Solution -「CF 575G」Run for beer
\(\mathcal{Description}\)
Link.
给定 \(n\) 个点 \(m\) 条边的无向图,边有边权,一个人初始速度为 \(1\),每走一条边速度 \(\div10\),求从 \(1\) 走到 \(n\) 的最小耗时。
\(n,m\le10^5\),\(0\le\text{边权}\le9\)。
\(\mathcal{Solution}\)
直观地,路径长度即为把经过的边权从低位到高位写成的十进制数。
首先排除前导 \(0\)——把从终点出发,仅走边权为 \(0\) 的边可达的结点全部与终点缩点。此时的最短路需要保证路径条数最少的前提下保证字典序最小。

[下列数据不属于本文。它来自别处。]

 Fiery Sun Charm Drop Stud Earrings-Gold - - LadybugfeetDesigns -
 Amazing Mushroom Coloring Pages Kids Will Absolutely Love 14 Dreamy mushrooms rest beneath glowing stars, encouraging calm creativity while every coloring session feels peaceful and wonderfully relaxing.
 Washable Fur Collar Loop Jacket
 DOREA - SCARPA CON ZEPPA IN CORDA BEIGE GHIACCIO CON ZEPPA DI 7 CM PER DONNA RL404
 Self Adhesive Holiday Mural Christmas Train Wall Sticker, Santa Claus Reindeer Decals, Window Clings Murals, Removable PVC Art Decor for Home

BFS 分层,维护当前层外围最优的一堆结点,用它们向下层扩展直到到达起点。
\(\mathcal{Code}\)
#include <queue>
#include <cstdio>
#include <vector>
const int MAXN = 2e5, MAXM = 2e5;
int n, m, ecnt, head[MAXN + 5], d[MAXN + 5], suf[MAXN + 5];
bool vis[MAXN + 5];
std::vector<int> curp, nxtp;
std::queue<int> que;
struct Edge { int to, cst, nxt; } graph[MAXM * 2 + 5];
inline void link ( const int s, const int t, const int c ) {
graph[++ ecnt] = { t, c, head[s] };
head[s] = ecnt;
}
inline void initReach () {
for ( int i = 1; i <= n; ++ i ) d[i] = -1;
d[1] = 0, que.push ( 1 );
for ( int u; ! que.empty (); ) {
u = que.front (), que.pop ();
for ( int i = head[u], v; i; i = graph[i].nxt ) {
if ( ! ~ d[v = graph[i].to] ) {
d[v] = d[u] + 1, que.push ( v );
}
}
}
}
inline int zeroReach () {
int mind = d[n];
curp.push_back ( n ), vis[n] = true;
for ( int cur = 0; cur ^ curp.size (); ++ cur ) {
int u = curp[cur];
for ( int i = head[u], v; i; i = graph[i].nxt ) {
if ( ! vis[v = graph[i].to] && ! graph[i].cst ) {
curp.push_back ( v ), vis[v] = true, suf[v] = u;
if ( mind > d[v] ) mind = d[v];
}
}
}
return mind;
}
int main () {
scanf ( "%d %d", &n, &m );
for ( int i = 1, u, v, w; i <= m; ++ i ) {
scanf ( "%d %d %d", &u, &v, &w ), ++ u, ++ v;
link ( u, v, w ), link ( v, u, w );
}
initReach ();
int dist = zeroReach ();
bool zero = true;
for ( int l = dist; l; -- l ) {
int dig = 10;
for ( int u: curp ) {
for ( int i = head[u], v; i; i = graph[i].nxt ) {
if ( d[v = graph[i].to] + 1 == l && graph[i].cst < dig ) {
dig = graph[i].cst;
}
}
}
if ( dig ) zero = false;
if ( l == 1 || ! zero ) putchar ( dig ^ '0' );
for ( int u: curp ) {
for ( int i = head[u], v; i; i = graph[i].nxt ) {
if ( d[v = graph[i].to] + 1 == l && graph[i].cst == dig && ! vis[v] ) {
vis[v] = true, nxtp.push_back ( v ), suf[v] = u;
}
}
}
curp = nxtp, nxtp.clear ();
}
if ( zero ) putchar ( '0' );
int ans = 1, u;
for ( u = 1; u ^ n; ++ ans, u = suf[u] );
printf ( "\n%d\n0", ans ), u = 1;
do printf ( " %d", ( u = suf[u] ) - 1 ); while ( u ^ n );
putchar ( '\n' );
return 0;
}